## Records for processing
┌──

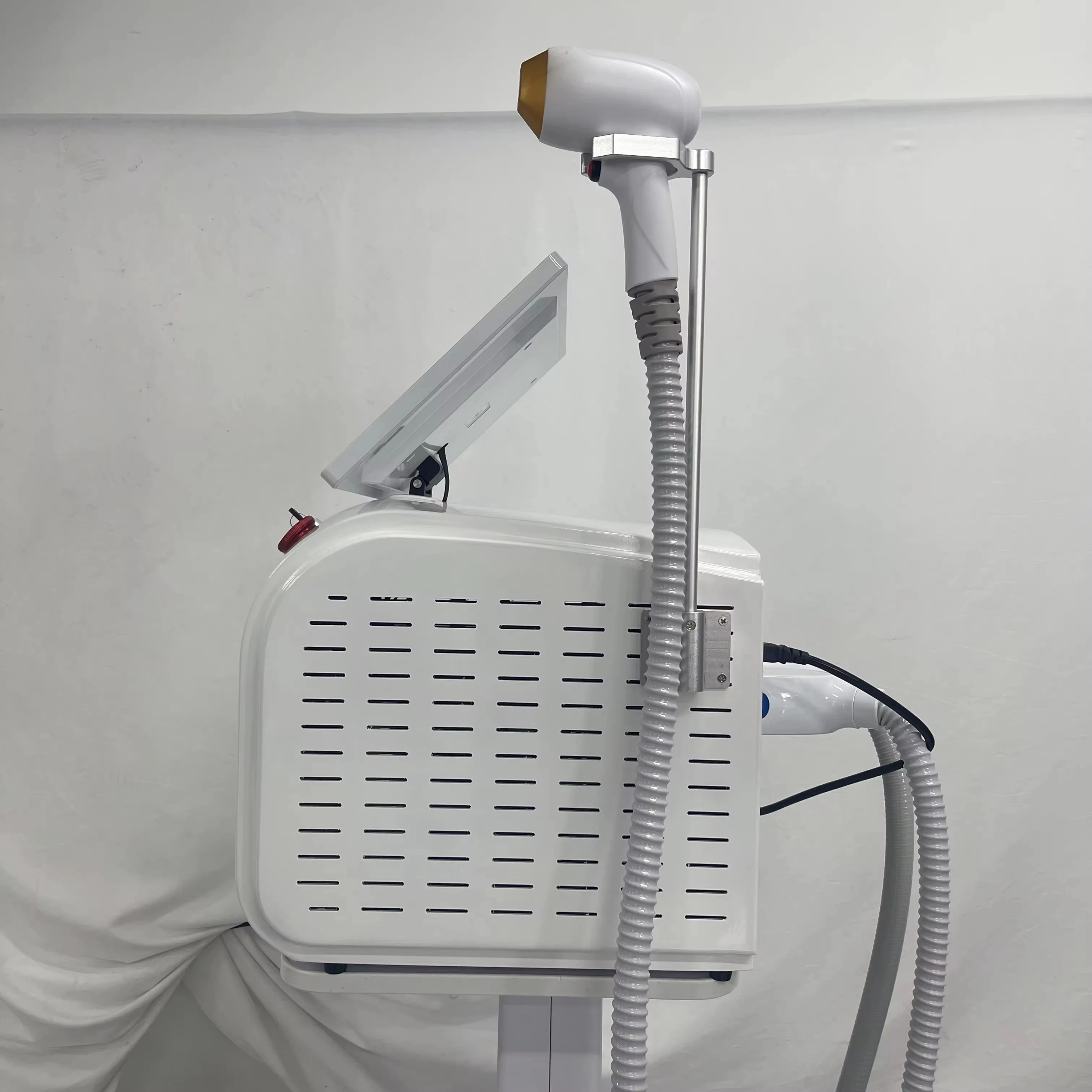Professional Ice Titanium 3 Wavelength 808nm Diode Laser 808 Hair Removal Machine 808 Removal Machin Salon or Home Use Removal
Professional Ice Titanium 3 Wavelength 808nm Diode Laser 808 Hair Removal Machine 808 Removal Machin Salon or Home Use Removal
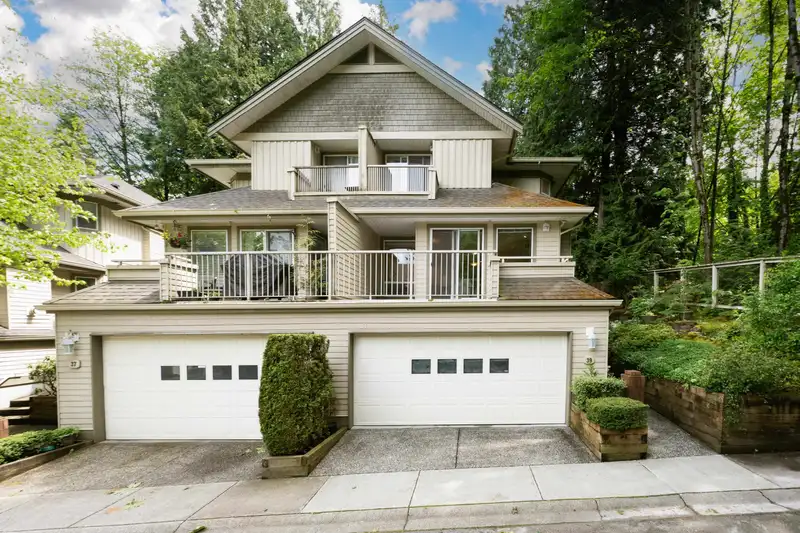 39 8701 16TH AVENUE - photo 2 of 34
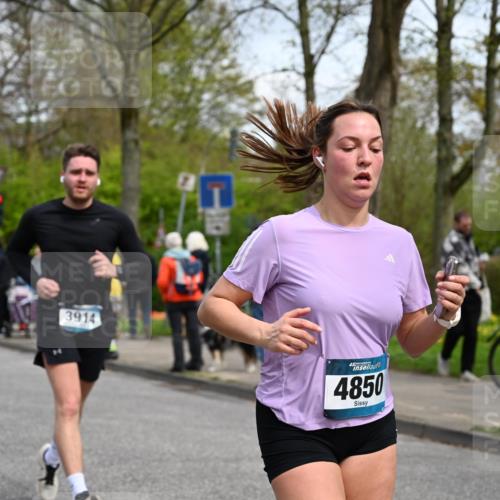 12.04.2026 - 45. Internationalen Wilhelmsburger Insellauf J. Mangold http://msf.ph/oto/9514572 12.04.2026 13:12:11 Ziel 4930, 2024, 4328, 4276, 5031, 4532, 2742, 5437, 4847, 4846, 4850, 4550, 3914, 2545, 3352, 2545, 3352, 3348, 5750, 5855, 2280, 3441, 5674, 4841, 2275, 4671, 4627, 4628, 3638 meine-sportfotos.de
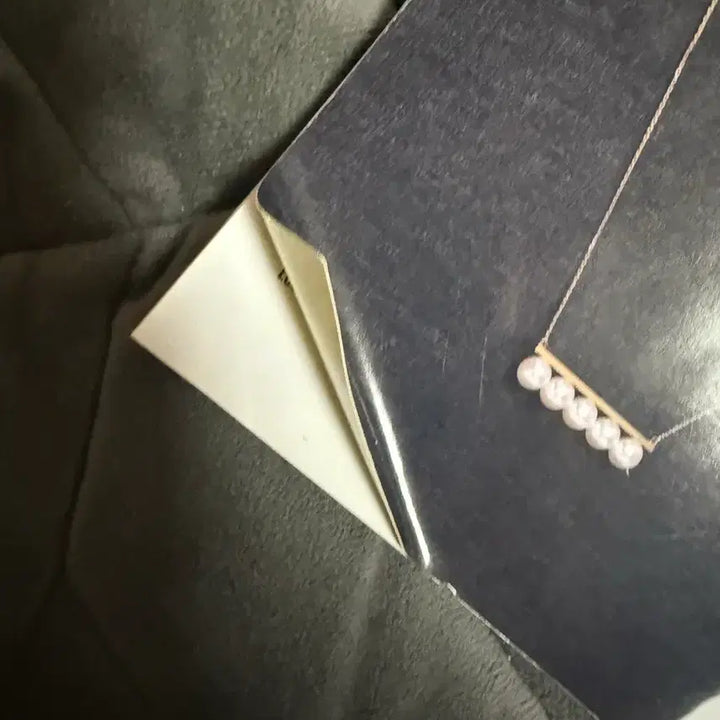 [BUNJANG] PLAVE Cosmopolitan Postcard / 플레이브 코스모폴리탄 A형 엽서 포함 판매해요!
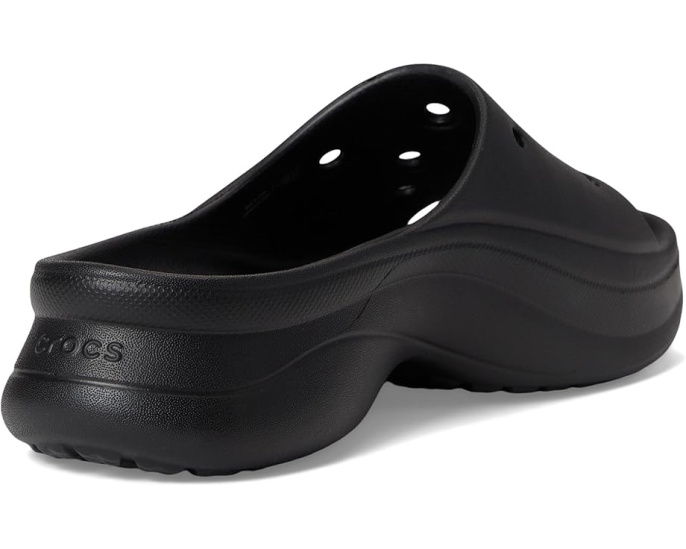 Сандалии Crocs Slide с платформой и смелым дизайном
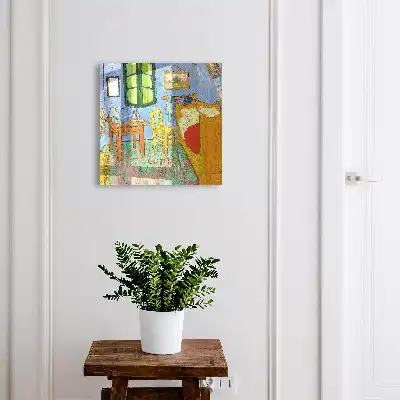 Gezellige kamer met houten meubels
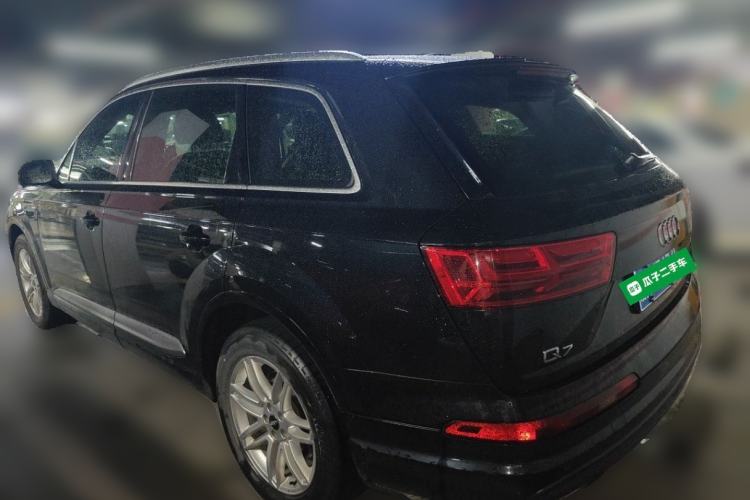 Used Audi Q7 2018 40 TFSI Comfort Model Rear Left 45 Deg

└──

## Task requirements
Output the full material above exactly, leaving every picture out.

## Solution to this problem
Professional Ice Titanium 3 Wavelength 808nm Diode Laser 808 Hair Removal Machine 808 Removal Machin Salon or Home Use Removal
Professional Ice Titanium 3 Wavelength 808nm Diode Laser 808 Hair Removal Machine 808 Removal Machin Salon or Home Use Removal
 39 8701 16TH AVENUE - photo 2 of 34
 12.04.2026 - 45. Internationalen Wilhelmsburger Insellauf J. Mangold http://msf.ph/oto/9514572 12.04.2026 13:12:11 Ziel 4930, 2024, 4328, 4276, 5031, 4532, 2742, 5437, 4847, 4846, 4850, 4550, 3914, 2545, 3352, 2545, 3352, 3348, 5750, 5855, 2280, 3441, 5674, 4841, 2275, 4671, 4627, 4628, 3638 meine-sportfotos.de
 [BUNJANG] PLAVE Cosmopolitan Postcard / 플레이브 코스모폴리탄 A형 엽서 포함 판매해요!
 Сандалии Crocs Slide с платформой и смелым дизайном
 Gezellige kamer met houten meubels
 Used Audi Q7 2018 40 TFSI Comfort Model Rear Left 45 Deg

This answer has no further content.